» **RECORDS SHOWN**:
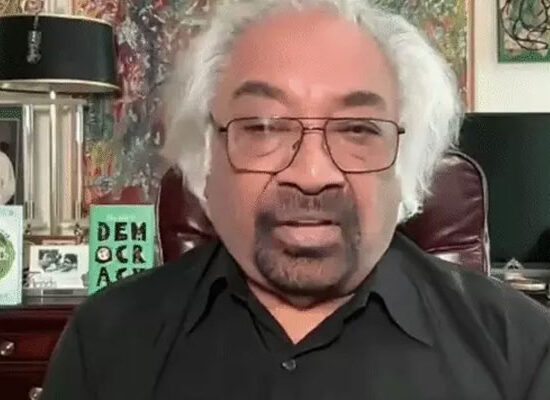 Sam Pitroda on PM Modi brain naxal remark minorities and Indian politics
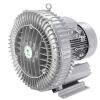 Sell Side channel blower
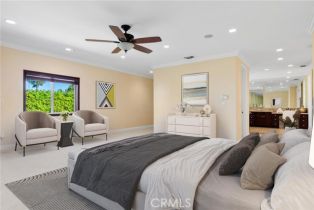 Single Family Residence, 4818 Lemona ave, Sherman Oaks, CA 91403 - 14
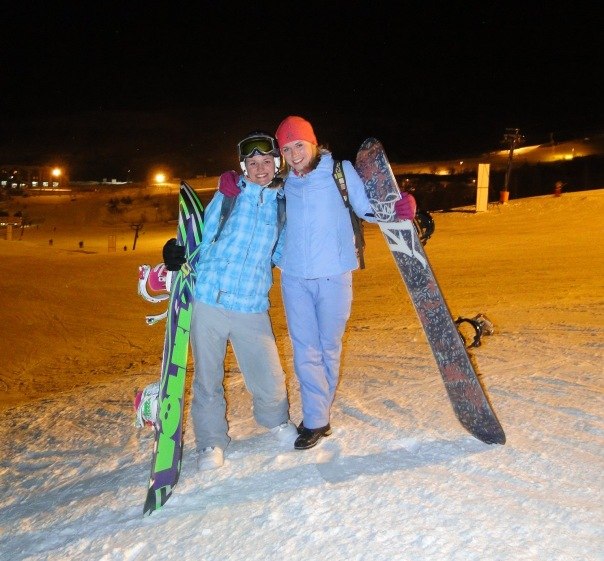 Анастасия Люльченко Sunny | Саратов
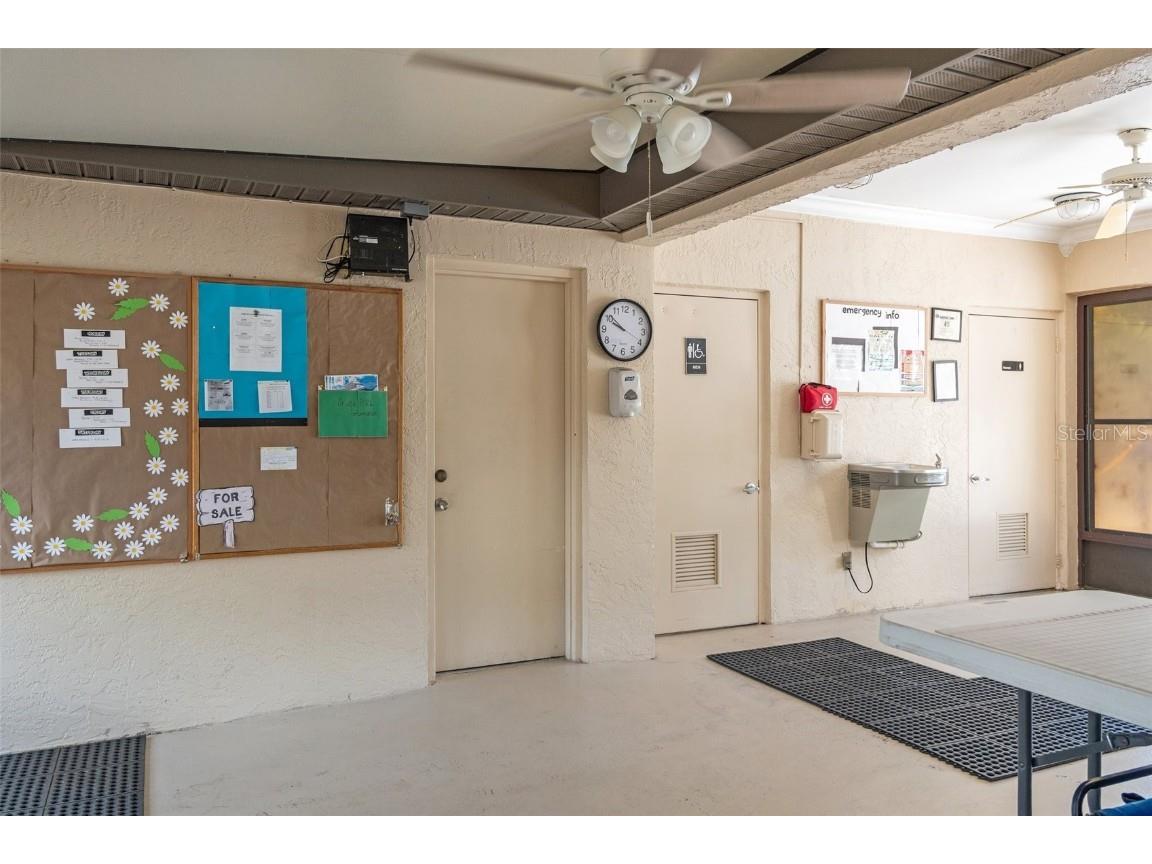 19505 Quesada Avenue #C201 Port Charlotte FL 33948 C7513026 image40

==

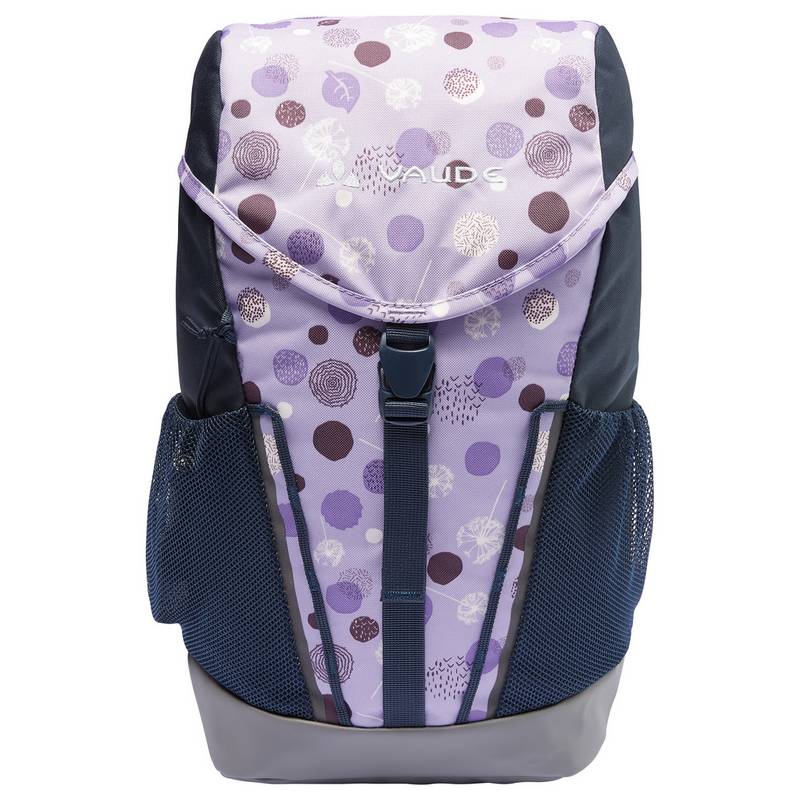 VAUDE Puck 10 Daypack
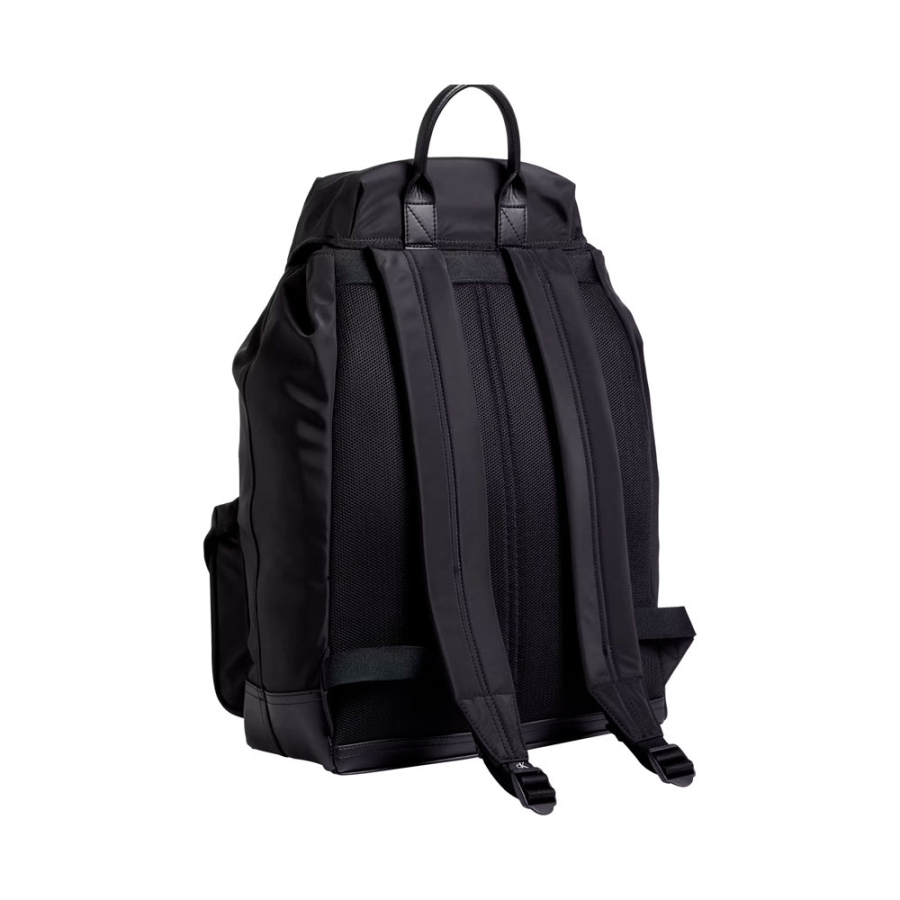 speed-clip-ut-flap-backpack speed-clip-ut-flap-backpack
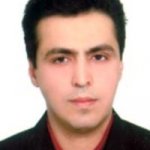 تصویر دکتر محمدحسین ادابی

» **TASK ITEM**: Beginning with the line above that has "Single Family Residence, 4818" and going on through the line that has "19505 Quesada Avenue", retype every line exactly and add nothing else; drop the pictures.

» **TASK SOLUTION**:
 Single Family Residence, 4818 Lemona ave, Sherman Oaks, CA 91403 - 14
 Анастасия Люльченко Sunny | Саратов
 19505 Quesada Avenue #C201 Port Charlotte FL 33948 C7513026 image40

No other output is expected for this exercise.